A friend of mine who is the director of monitors of subrecipients for a major ARRA funded program here in Texas has been visited by auditors 10 times since the funds were granted. Calm down, why don't we?
Accountability and Transparency
I absolutely love these concepts and applying them to government programs. The first line of the 2007 Yellow Book - written by the leader of the GAO at the time - David Walker, says, "The principles of transparency and accountability for the use of public resources are key to our nation's governing processes." Here here!
But the way these ARRA monies are being treated is unprecedented. I was part of a meeting in Austin where the GAO auditors from Dallas warned the internal audit directors of the state agencies that they were sending down the funding this week - but expected these agencies to report valid performance measures the next week so they could be posted on the web.

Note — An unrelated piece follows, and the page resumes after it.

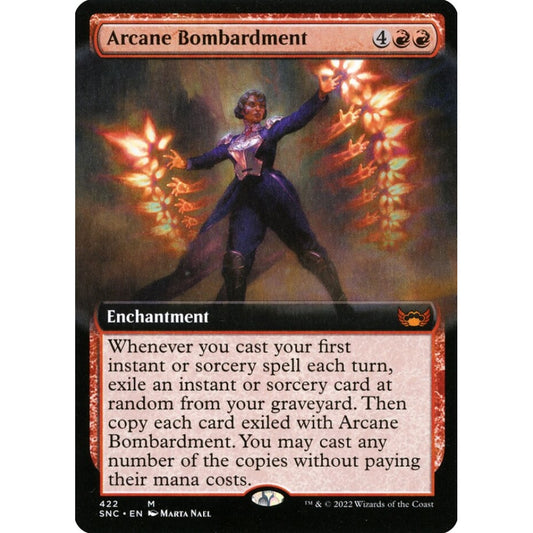 Arcane Bombardment mythic 422 Magic the Gathering Streets of New Capenna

Why so fast? Well, the political pendulum has swung ... hard. Under Bush, we bailed out the banks in an effort to keep the economy from collapsing and to free up credit. My father builds apartments in Houston, and he will tell you that is not what the banks did with the money! Credit has not freed up and we, the citizens, have no idea what the banks did with their billions. We did hear that AIG went on a $500,000 spa retreat - expletive - but otherwise we have no idea where our money went. The public went crazy and Obama doesn't want to see that happen to him.

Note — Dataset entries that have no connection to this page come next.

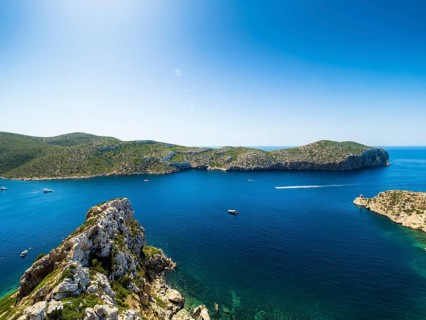 Natural harbour and lagoon of Cabrera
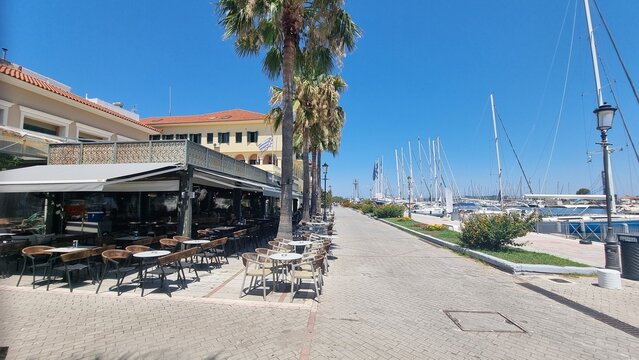 preveza city greece summer tourist resort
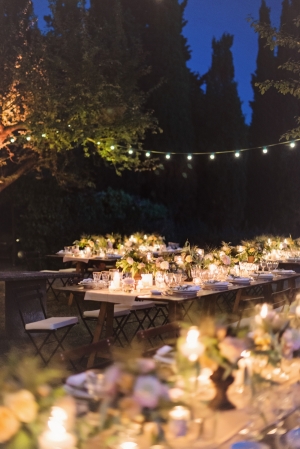 Outdoor Reception in Tuscany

One of Obama's favorite words is transparency. He sprinkles it into his speeches and his websites. And his administration designed the ARRA funded programs to be as transparent as possible. As such, the programs have to report how many jobs were created and retained and their audit results will be available on the web. The website www.recovery.gov is spectacular. All ARRA audits will undergo a mandatory quality control review at the inspector general level.

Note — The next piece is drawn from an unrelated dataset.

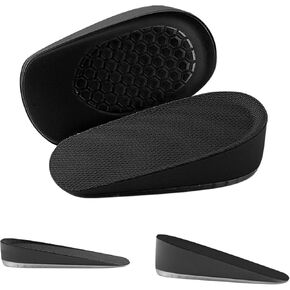 Heel Lift - Height Increase Insoles for Men & Women, Invisible Foot Pads Shoe Inserts, Heel Cups with Honeycomb Design for Leg Length Discrepancies & 2pairs (Large (0.6"&1" Height))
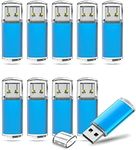 TOPESEL USB Flash Drive 50 Pack 4GB USB 2.0 Flash Drive High Speed 4G Flash Drive Memory Stick USB Drive Thumb Drives 4G USB Drive Zip Drive for PC laptops, Tablets, TVs, car Audio (Blue)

But the bottom line is more of the same
ARRA grants are still federal grants and subject to the same Single Audit requirements. So, the audit techniques are the same.
Yes, the compliance supplement has redefined some requirements - usually surrounding eligibility- but that isn't that big a deal to integrate into your work. That is the same thing you do when you audit a new grant.
And, yes, the ARRA grants are considered high risk - always. Which means you will have to add them to your audit plan.
The biggest excitement has surrounded the performance measures
The most prominent measure on the recovery.gov website is jobs created or retained. The ARRA monies were intended to supplement the spending already occurring at the grantee level - not replace it.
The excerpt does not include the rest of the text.